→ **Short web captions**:
——
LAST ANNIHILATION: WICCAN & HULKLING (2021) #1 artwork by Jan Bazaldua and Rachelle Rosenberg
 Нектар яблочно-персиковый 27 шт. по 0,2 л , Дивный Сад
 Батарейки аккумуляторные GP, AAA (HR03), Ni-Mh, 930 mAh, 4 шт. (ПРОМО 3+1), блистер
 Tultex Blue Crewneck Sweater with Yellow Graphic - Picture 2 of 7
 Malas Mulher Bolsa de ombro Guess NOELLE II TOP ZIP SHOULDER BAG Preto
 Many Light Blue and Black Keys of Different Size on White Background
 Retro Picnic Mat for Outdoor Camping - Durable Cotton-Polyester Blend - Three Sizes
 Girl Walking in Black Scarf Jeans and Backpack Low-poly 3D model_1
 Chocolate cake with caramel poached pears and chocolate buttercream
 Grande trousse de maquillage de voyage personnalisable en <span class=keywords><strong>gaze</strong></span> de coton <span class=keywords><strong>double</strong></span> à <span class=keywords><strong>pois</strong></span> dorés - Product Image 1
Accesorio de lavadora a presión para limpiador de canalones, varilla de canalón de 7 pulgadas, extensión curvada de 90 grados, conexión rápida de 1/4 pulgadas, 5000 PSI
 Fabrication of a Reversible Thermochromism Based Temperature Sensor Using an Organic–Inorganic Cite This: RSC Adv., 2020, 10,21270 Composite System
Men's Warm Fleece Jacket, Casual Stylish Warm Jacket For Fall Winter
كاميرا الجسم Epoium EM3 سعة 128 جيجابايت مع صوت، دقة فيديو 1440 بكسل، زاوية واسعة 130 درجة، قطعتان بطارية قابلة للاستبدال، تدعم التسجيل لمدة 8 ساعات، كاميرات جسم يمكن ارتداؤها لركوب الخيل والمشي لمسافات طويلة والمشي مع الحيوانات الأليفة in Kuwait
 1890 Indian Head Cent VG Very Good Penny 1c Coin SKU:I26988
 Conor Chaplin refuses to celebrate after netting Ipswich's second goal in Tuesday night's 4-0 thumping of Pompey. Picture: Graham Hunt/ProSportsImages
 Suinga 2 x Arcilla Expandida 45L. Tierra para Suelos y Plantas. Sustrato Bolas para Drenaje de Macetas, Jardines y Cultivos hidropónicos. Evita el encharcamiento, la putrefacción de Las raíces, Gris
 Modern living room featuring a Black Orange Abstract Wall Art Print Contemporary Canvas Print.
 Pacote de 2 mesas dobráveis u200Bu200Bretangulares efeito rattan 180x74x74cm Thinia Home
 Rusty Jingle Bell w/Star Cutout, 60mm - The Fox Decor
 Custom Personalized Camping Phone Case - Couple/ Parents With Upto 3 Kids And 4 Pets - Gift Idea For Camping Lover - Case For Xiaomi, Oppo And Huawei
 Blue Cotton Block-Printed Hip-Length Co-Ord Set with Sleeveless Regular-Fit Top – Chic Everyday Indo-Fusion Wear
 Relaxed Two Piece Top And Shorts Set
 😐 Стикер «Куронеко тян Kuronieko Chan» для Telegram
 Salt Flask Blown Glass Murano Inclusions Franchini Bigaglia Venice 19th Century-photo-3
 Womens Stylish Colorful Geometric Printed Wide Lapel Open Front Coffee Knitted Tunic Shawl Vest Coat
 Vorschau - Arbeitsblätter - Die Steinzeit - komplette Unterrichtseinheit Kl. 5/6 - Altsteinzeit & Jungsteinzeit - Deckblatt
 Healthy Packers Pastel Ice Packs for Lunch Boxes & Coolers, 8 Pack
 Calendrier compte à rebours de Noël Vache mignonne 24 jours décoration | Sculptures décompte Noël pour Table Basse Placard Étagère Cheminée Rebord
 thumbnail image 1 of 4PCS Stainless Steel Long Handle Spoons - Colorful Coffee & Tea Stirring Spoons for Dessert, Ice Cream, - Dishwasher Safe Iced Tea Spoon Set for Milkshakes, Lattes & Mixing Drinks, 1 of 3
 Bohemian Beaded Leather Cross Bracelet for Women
——
→ **WORK REQUIRED**:
Transcribe the data. Leave every line exactly as it is.

→ **ANSWER BOX**:
LAST ANNIHILATION: WICCAN & HULKLING (2021) #1 artwork by Jan Bazaldua and Rachelle Rosenberg
 Нектар яблочно-персиковый 27 шт. по 0,2 л , Дивный Сад
 Батарейки аккумуляторные GP, AAA (HR03), Ni-Mh, 930 mAh, 4 шт. (ПРОМО 3+1), блистер
 Tultex Blue Crewneck Sweater with Yellow Graphic - Picture 2 of 7
 Malas Mulher Bolsa de ombro Guess NOELLE II TOP ZIP SHOULDER BAG Preto
 Many Light Blue and Black Keys of Different Size on White Background
 Retro Picnic Mat for Outdoor Camping - Durable Cotton-Polyester Blend - Three Sizes
 Girl Walking in Black Scarf Jeans and Backpack Low-poly 3D model_1
 Chocolate cake with caramel poached pears and chocolate buttercream
 Grande trousse de maquillage de voyage personnalisable en <span class=keywords><strong>gaze</strong></span> de coton <span class=keywords><strong>double</strong></span> à <span class=keywords><strong>pois</strong></span> dorés - Product Image 1
Accesorio de lavadora a presión para limpiador de canalones, varilla de canalón de 7 pulgadas, extensión curvada de 90 grados, conexión rápida de 1/4 pulgadas, 5000 PSI
 Fabrication of a Reversible Thermochromism Based Temperature Sensor Using an Organic–Inorganic Cite This: RSC Adv., 2020, 10,21270 Composite System
Men's Warm Fleece Jacket, Casual Stylish Warm Jacket For Fall Winter
كاميرا الجسم Epoium EM3 سعة 128 جيجابايت مع صوت، دقة فيديو 1440 بكسل، زاوية واسعة 130 درجة، قطعتان بطارية قابلة للاستبدال، تدعم التسجيل لمدة 8 ساعات، كاميرات جسم يمكن ارتداؤها لركوب الخيل والمشي لمسافات طويلة والمشي مع الحيوانات الأليفة in Kuwait
 1890 Indian Head Cent VG Very Good Penny 1c Coin SKU:I26988
 Conor Chaplin refuses to celebrate after netting Ipswich's second goal in Tuesday night's 4-0 thumping of Pompey. Picture: Graham Hunt/ProSportsImages
 Suinga 2 x Arcilla Expandida 45L. Tierra para Suelos y Plantas. Sustrato Bolas para Drenaje de Macetas, Jardines y Cultivos hidropónicos. Evita el encharcamiento, la putrefacción de Las raíces, Gris
 Modern living room featuring a Black Orange Abstract Wall Art Print Contemporary Canvas Print.
 Pacote de 2 mesas dobráveis u200Bu200Bretangulares efeito rattan 180x74x74cm Thinia Home
 Rusty Jingle Bell w/Star Cutout, 60mm - The Fox Decor
 Custom Personalized Camping Phone Case - Couple/ Parents With Upto 3 Kids And 4 Pets - Gift Idea For Camping Lover - Case For Xiaomi, Oppo And Huawei
 Blue Cotton Block-Printed Hip-Length Co-Ord Set with Sleeveless Regular-Fit Top – Chic Everyday Indo-Fusion Wear
 Relaxed Two Piece Top And Shorts Set
 😐 Стикер «Куронеко тян Kuronieko Chan» для Telegram
 Salt Flask Blown Glass Murano Inclusions Franchini Bigaglia Venice 19th Century-photo-3
 Womens Stylish Colorful Geometric Printed Wide Lapel Open Front Coffee Knitted Tunic Shawl Vest Coat
 Vorschau - Arbeitsblätter - Die Steinzeit - komplette Unterrichtseinheit Kl. 5/6 - Altsteinzeit & Jungsteinzeit - Deckblatt
 Healthy Packers Pastel Ice Packs for Lunch Boxes & Coolers, 8 Pack
 Calendrier compte à rebours de Noël Vache mignonne 24 jours décoration | Sculptures décompte Noël pour Table Basse Placard Étagère Cheminée Rebord
 thumbnail image 1 of 4PCS Stainless Steel Long Handle Spoons - Colorful Coffee & Tea Stirring Spoons for Dessert, Ice Cream, - Dishwasher Safe Iced Tea Spoon Set for Milkshakes, Lattes & Mixing Drinks, 1 of 3
 Bohemian Beaded Leather Cross Bracelet for Women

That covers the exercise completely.